PROBLEM STATEMENT: Each record that comes next should be output exactly; pictures do not belong in the copy.

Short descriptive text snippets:
══════════════════════════════

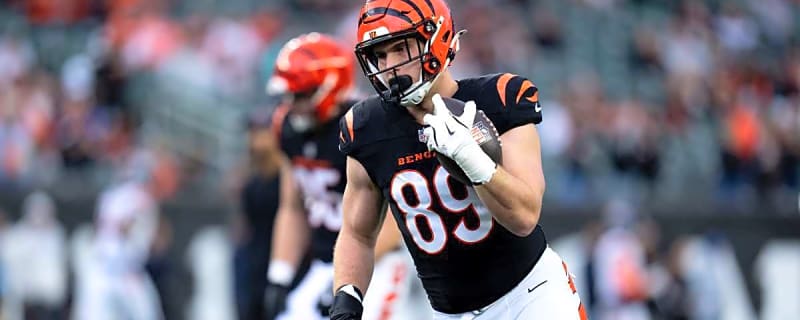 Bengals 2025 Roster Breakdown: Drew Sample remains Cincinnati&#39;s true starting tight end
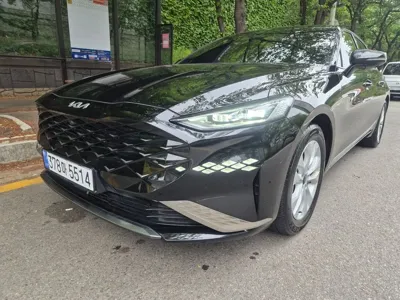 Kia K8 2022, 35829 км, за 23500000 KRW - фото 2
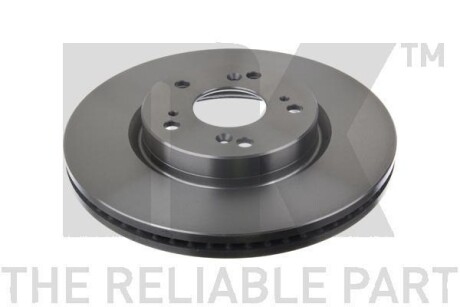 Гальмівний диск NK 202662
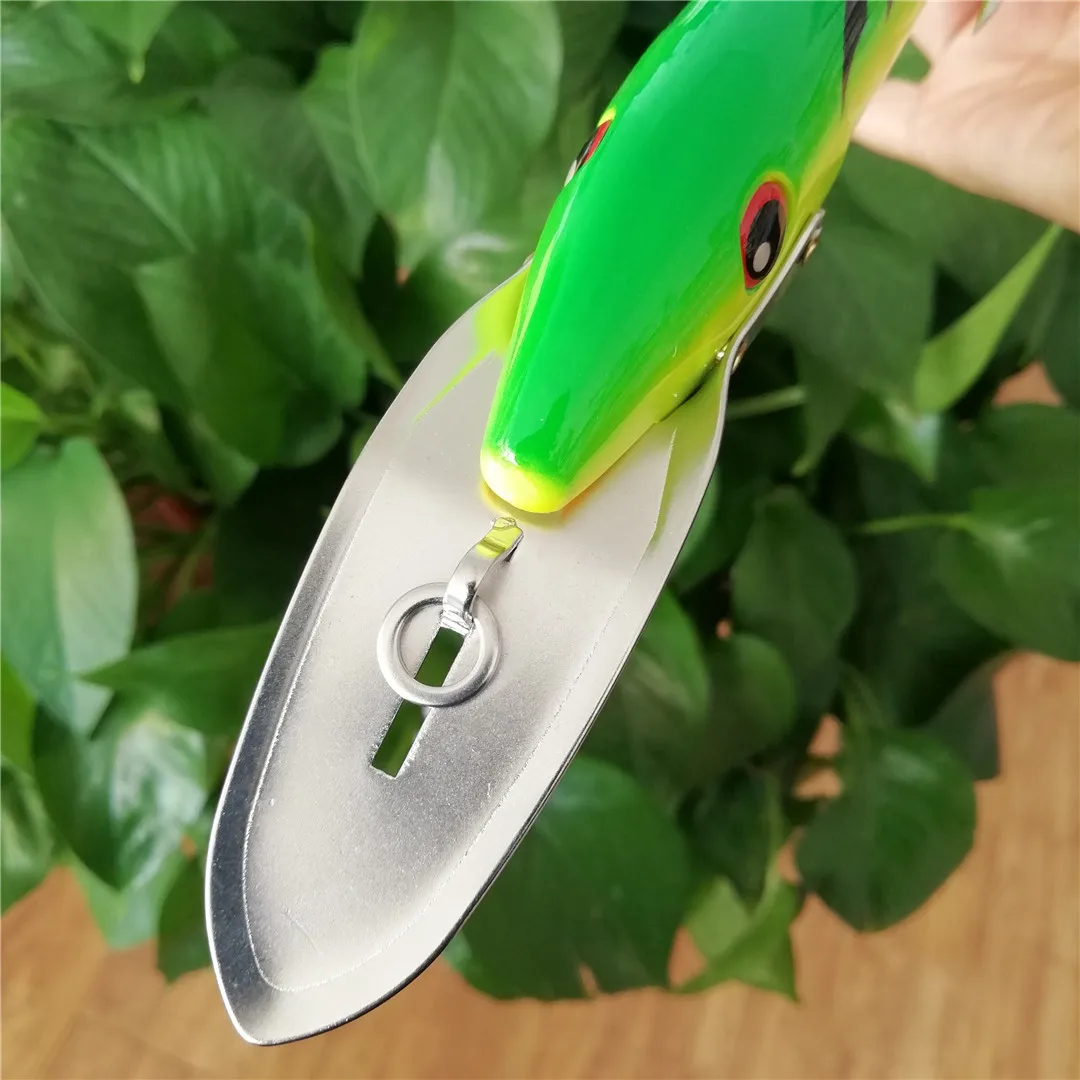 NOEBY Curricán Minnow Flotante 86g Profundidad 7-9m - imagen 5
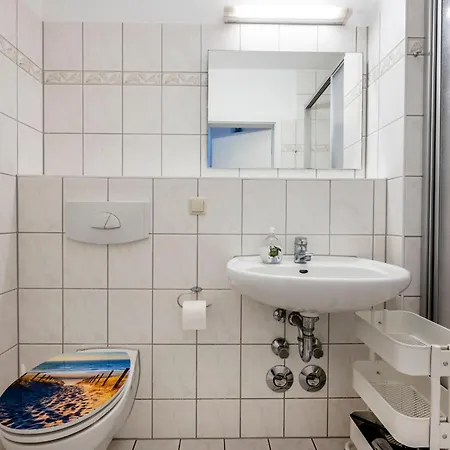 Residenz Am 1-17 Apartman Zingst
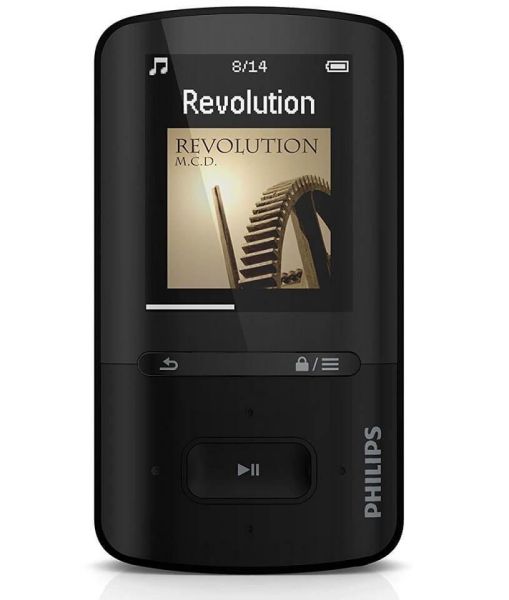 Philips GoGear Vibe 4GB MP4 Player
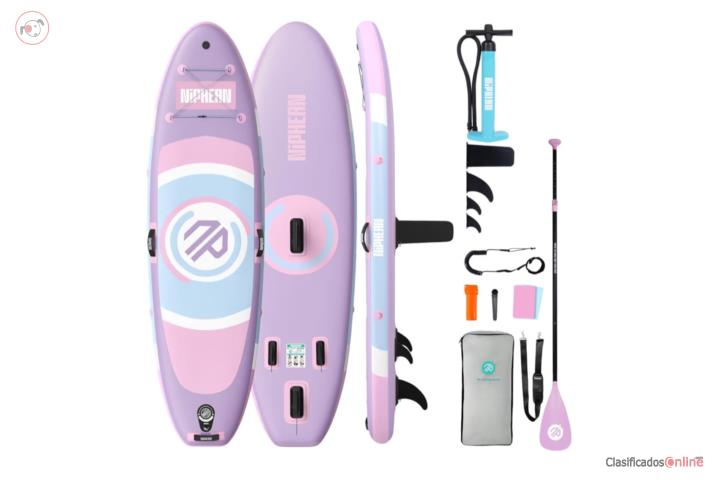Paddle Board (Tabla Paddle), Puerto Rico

══════════════════════════════

RESPONSE TO THE EXERCISE:
 Bengals 2025 Roster Breakdown: Drew Sample remains Cincinnati&#39;s true starting tight end
 Kia K8 2022, 35829 км, за 23500000 KRW - фото 2
 Гальмівний диск NK 202662
 NOEBY Curricán Minnow Flotante 86g Profundidad 7-9m - imagen 5
 Residenz Am 1-17 Apartman Zingst
 Philips GoGear Vibe 4GB MP4 Player
Paddle Board (Tabla Paddle), Puerto Rico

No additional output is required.